DMBI Simplified
DMBI Simplified
DMBI Simplified
Q1) Explain KDD process using figure. What is data mining? Write down a short
note on the KDD process.
● Data mining: It refers to the extraction for mining knowledge from large
amounts of data.
● Knowledge base: It is used to search interesting patterns which helps to make
business decisions.
● Data mining engine: It consists of a set of functional modules like prediction,
cluster analysis, association and correlation analysis, etc.

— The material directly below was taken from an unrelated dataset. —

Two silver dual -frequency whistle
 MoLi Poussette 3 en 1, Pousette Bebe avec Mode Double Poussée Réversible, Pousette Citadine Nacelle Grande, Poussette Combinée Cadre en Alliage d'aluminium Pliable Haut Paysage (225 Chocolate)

● Pattern evaluation module: It interacts with data mining modules to find
interesting patterns.
● An enormous amount of data is increasing in file databases and other
repositories.
● It is necessary to develop powerful tools for analysis and interpretation of such
data.
● This results in extraction of interesting knowledge that helps to take business
related decisions.
● KDD stands for knowledge discovery in database
● Data mining is a part of the KDD process.
Knowledge discovery in database is a iterative process as follows:
1. Data cleaning: noisy data and irrelevant data removed from the collection
2. Data integration: multiple data sources are combined in a common source. The
format of all the data is unified in similar structure.
3. Data selection: relevant data for the analysis is retrieved from the data
collection.
1
4. Data transformation: selected data is transformed into the forms of mining
procedure. Also known as data consolidation.
5. Data mining: clever techniques are used to extract potentially useful patterns.
6. Pattern evaluation: interesting patterns presenting knowledge are identified.
7. Knowledge representation: discover knowledge is usually represented to the
user. Users should be able to understand and interpret the data mining results.
Q2) What are the major issues in data mining? Define the term data mining?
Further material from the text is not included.